Supplied records:
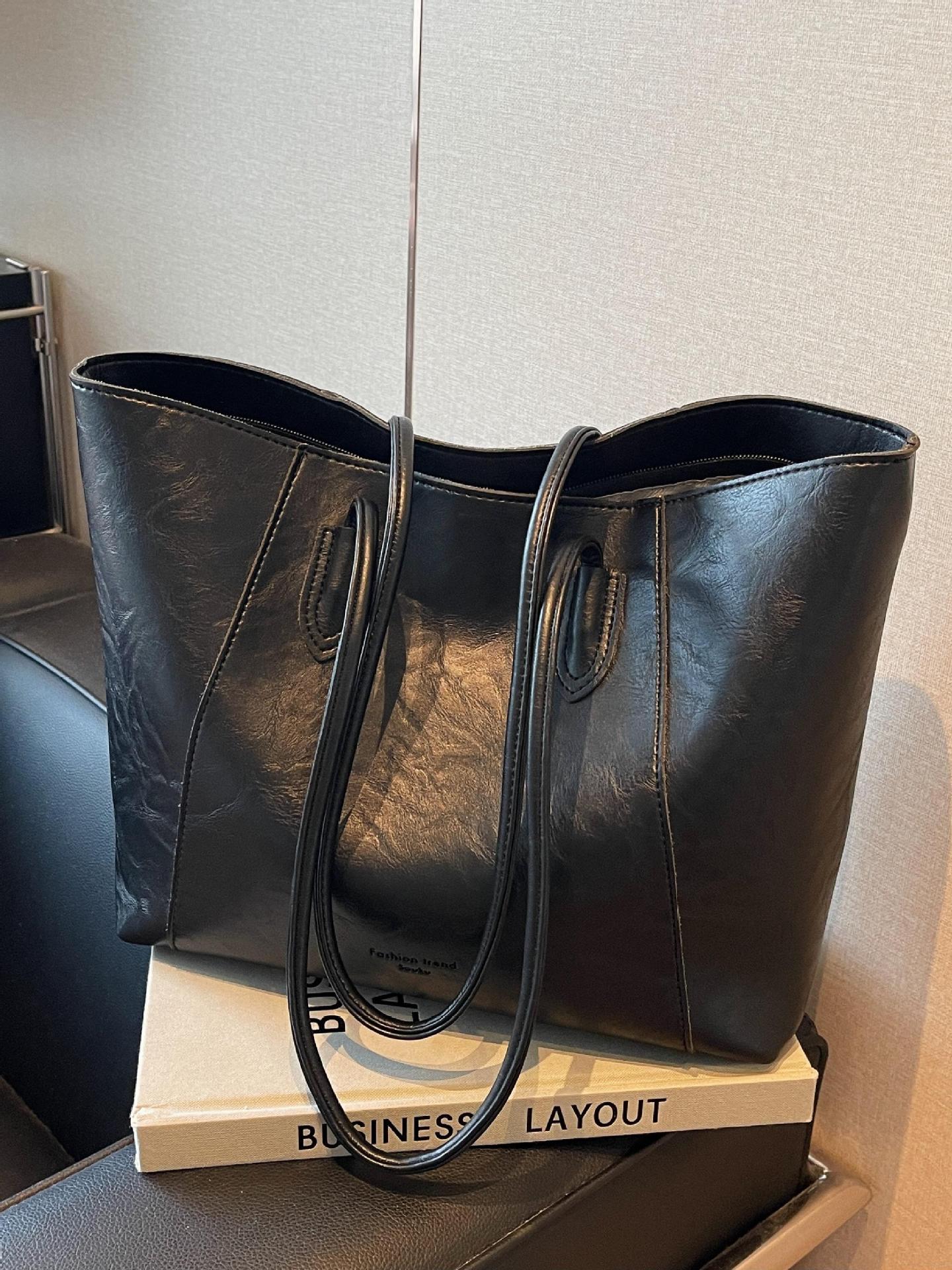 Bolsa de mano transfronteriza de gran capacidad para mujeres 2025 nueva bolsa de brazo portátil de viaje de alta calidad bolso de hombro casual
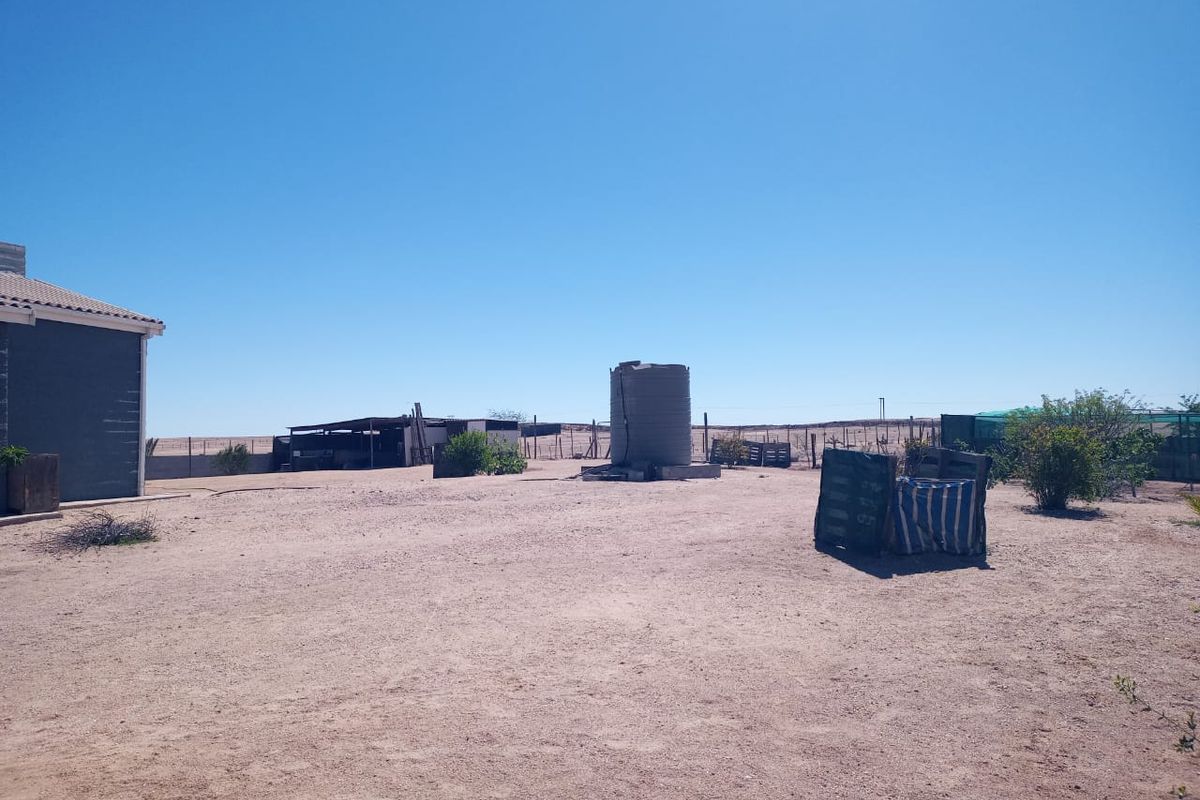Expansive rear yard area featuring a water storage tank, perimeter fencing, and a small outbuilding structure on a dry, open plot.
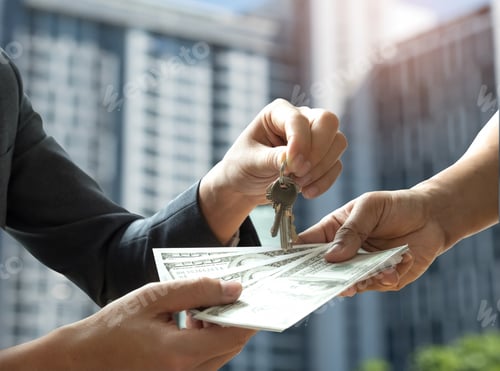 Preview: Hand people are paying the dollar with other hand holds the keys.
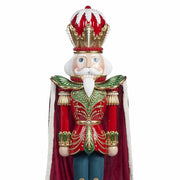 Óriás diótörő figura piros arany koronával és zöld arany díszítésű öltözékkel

...

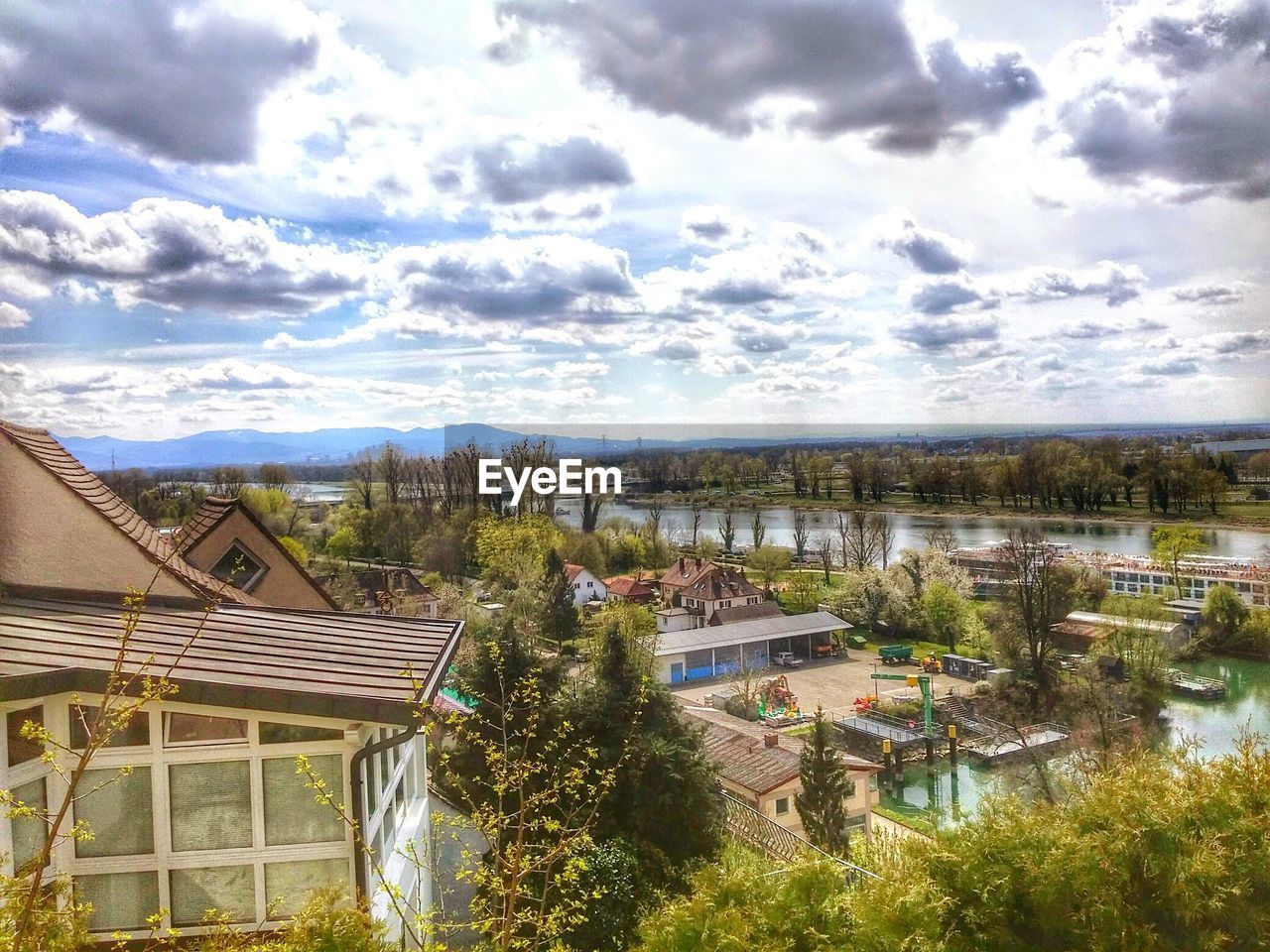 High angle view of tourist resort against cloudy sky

Instructions to follow:
Above are the records; please give again, exactly and in full, only the lines that run from the line with "Bolsa de mano" through the line with "Óriás diótörő figura", with no pictures.

Exercise answer:
 Bolsa de mano transfronteriza de gran capacidad para mujeres 2025 nueva bolsa de brazo portátil de viaje de alta calidad bolso de hombro casual
Expansive rear yard area featuring a water storage tank, perimeter fencing, and a small outbuilding structure on a dry, open plot.
 Preview: Hand people are paying the dollar with other hand holds the keys.
 Óriás diótörő figura piros arany koronával és zöld arany díszítésű öltözékkel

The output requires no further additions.